El camino recorrido por EE.UU desde la década de los sesenta, y que va de la legalización del aborto a la aceptación de un nuevo modelo de dignidad y sexualidad humanas, pasando por la admisión de nuevas formas de matrimonio –incluyendo el homosexual–, así como por la protección de un supuesto derecho de privacidad que impide –bajo la amenaza de sanción– la emisión de juicios de valor sobre la conducta sexual ajena, forma parte de la tradición cultural occidental de los últimos cincuenta años. Es evidente que lo acontecido en ese país ha afectado notablemente al resto del mundo, sobre todo al Continente americano, al ámbito anglosajón y a Europa. Además, las Conferencias Internacionales celebradas desde la década de los sesenta, y en particular las de la ONU de El Cairo (1994) y Beijing (1995), también ejercieron un notable influjo en los ordenamientos nacionales, tanto europeos como americanos.
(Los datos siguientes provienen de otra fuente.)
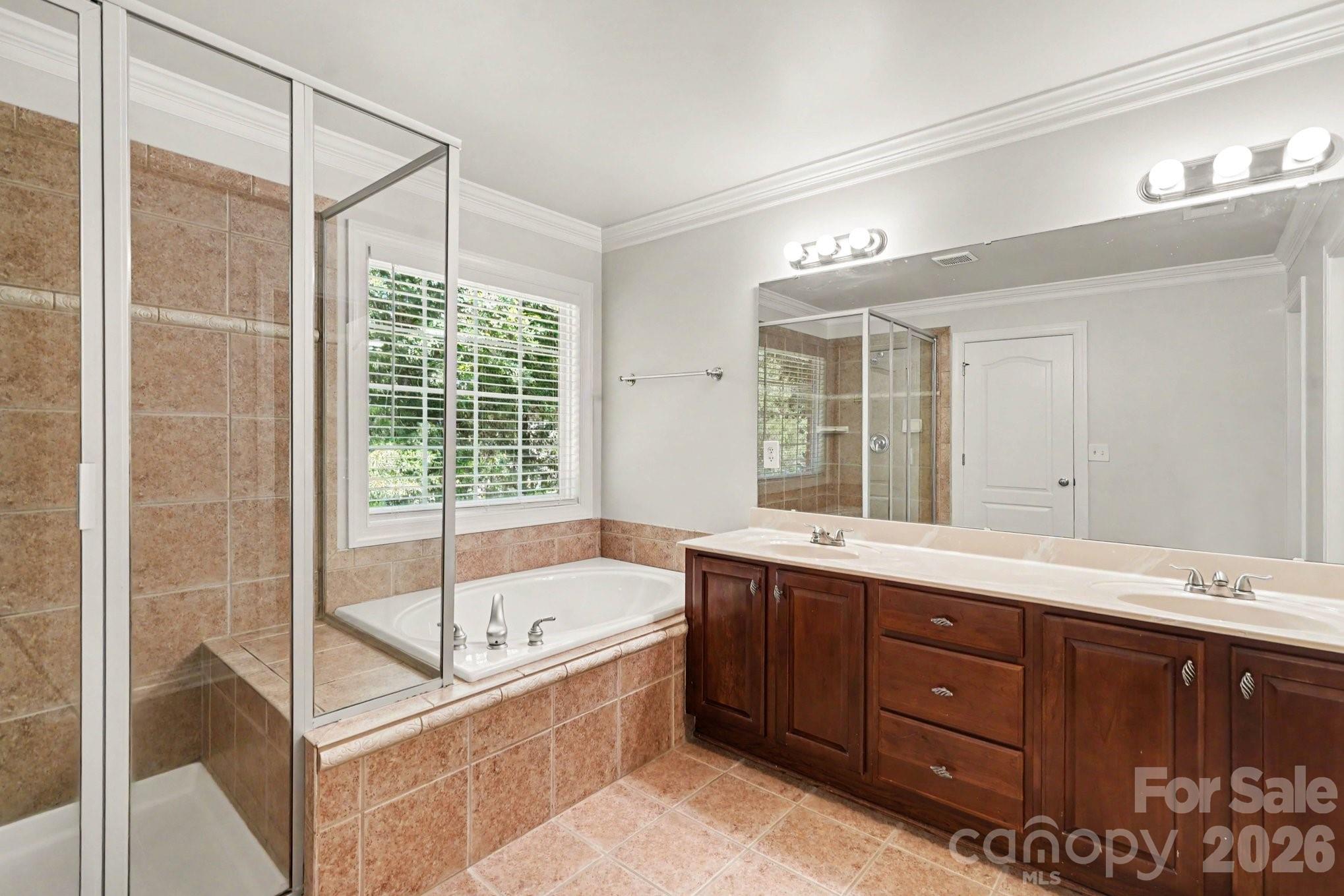 Single Family Residence at 229 Edenshire Court, Indian Trail, photo 14 of 24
El influjo norteamericano –tanto directo como indirecto (a través de la ONU)– en Europa y América han contribuido a que el “derecho al aborto” fuera calando en la cultura occidental. Algunos países –España, entre ellos– han aprobado leyes que permiten y financian la realización de abortos –sin limitación alguna– hasta un notable número de semanas de embarazo. Esto ha contribuido a cambiar la percepción social del aborto, que ha pasado de verse como algo “despenalizado” en algunos supuestos (y en consecuencia, reprobable moralmente), a algo a lo que se tiene derecho (y, en consecuencia, como algo positivo y digno de ser deseado, exigido y realizado).
La reciente sentencia del caso Dobbs v. Jackson supone un golpe contra esa construcción que se ha venido haciendo de un presunto derecho al aborto. Más en concreto, la Corte Suprema de Estados Unidos rompe el blindaje constitucional al aborto (negando la existencia de un “derecho constitucional” al aborto) y devuelve al Poder Legislativo de los estados la facultad de regular este tema como le parezca. De ahí la afirmación recogida en la sentencia redactada por el juez Alito: “La Constitución no hace ninguna referencia al aborto, y ningún derecho de este tipo está protegido implícitamente por ninguna disposición constitucional”. Y añade: “Es hora de hacer caso a la norma fundamental y devolver el tema a los representantes elegidos por el pueblo”.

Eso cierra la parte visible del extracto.